To revise the larval and juvenile stages of all phyla
PREPARATORY READING
Brusca and Brusca and Ruppert, Fox and Barnes both have details of the larval forms at the
end of each chapter of their texts, but Pechenik has a whole chapter (Chapter 24) devoted to
the consideration of invertebrate reproduction and development. You should try to read this
chapter before the laboratory session. You will receive a handout of the relevant diagrams.
PREAMBLE
Most marine invertebrates have a planktonic life stage and some spend all of their lives in the
plankton. The planktonic stage is usually a dispersive stage, allowing propagules to be
transported to new sites to settle and establish new populations. Settlement usually involves
metamorphosis from the mobile larval form to a sessile or sedentary adult. Because of the
differences in their habitat and life style, larvae often look quite different from the adults that
produced them. Thus it is often difficult to match larvae with their adult counterparts.
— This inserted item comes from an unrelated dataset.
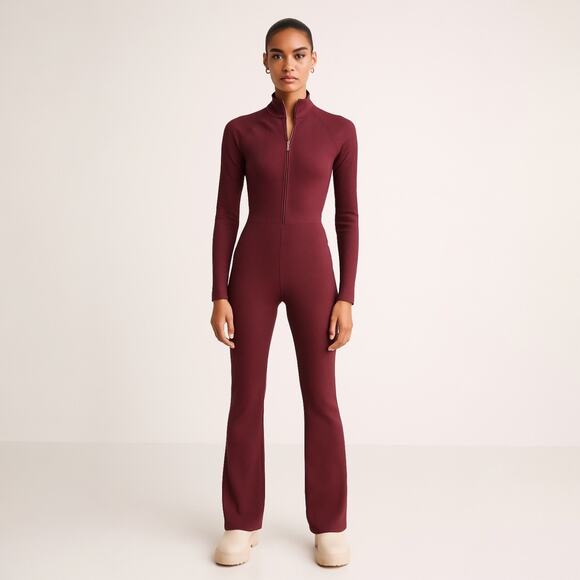 Athleta Alicia Keys Goddess Red Rib Long Sleeve Zip Up Bodysuit Jumpsuit XXS - Picture 2 of 11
This is also true for terrestrial and parasitic invertebrates that show indirect development and
whose larvae and adults use different habitats. Today’s practical is also an opportunity for
you to revise your knowledge of the early stages of all phyla dealt with this semester.
LABORATORY TASKS
A. Plankton samples
A freshly collected plankton sample will be available in the laboratory. You should take up
small amounts of seawater with a pipette and transfer into a small shallow petri dish or onto a
depression slide. Survey the sample first with your dissecting microscope and then your
Practical: 20: Larval stages
102
compound microscope. Take many samples in order to see as many types of animals as
possible. Make drawings or take pictures of as many different types as possible.
1. Phylum Cnidaria
Medusae of the hydroid Obelia are often found in the plankton samples. Note that they
are not larvae. What life stage do they represent?
2. Phylum Annelida
Annelids have trochophore larvae but it is more usual to see a slightly later stage in the
plankton. These are known as setigerous larvae. They may still have cilia on the head,
but have the beginnings of segments and are covered with chaetae.
3.
Phylum Mollusca
Molluscs also have trochophore larvae but it is more usual to find veliger larvae of either
gastropods and bivalves in the samples.
4.
Phylum Bryozoa
Bryozoans have two types of larvae and it is the cyphonautes type that we find more
often.
5.
Phylum Arthropoda
Crustaceans form a very large proportion of the biomass of the plankton and most of
those are adult forms. You should be able to identify these to class and possibly order.
However there will also be larval forms present. The nauplius larva of both copepods
and barnacles are common and the zoea larva of the decapod crabs will also be found.
6.
Phylum Chaetognatha
These planktonic (adult) animals are sometimes seen in the plankton samples. Note that
they themselves do not have a larval stage, being direct developers.
6.
Phylum Echinodermata
Echinoderms have many different larval types but the ophiopluteus larva of the brittle
stars is more common in the samples.
7.
Phylum Chordata, Sub-phylum Urochordata
Class Ascidaceae: very occasionally the tadpole larvae of the sea-squirts are seen in the
plankton samples. They can be recognized by their tiny branchial baskets and
attachment organs
Class Larvaceae: these are more common in the plankton. What life-stage do they
represent?
B. Other larval stages
Take the opportunity to revise your knowledge of other early stages that were covered in the
practicals during semester. You will be expected to recognize larval forms on sight.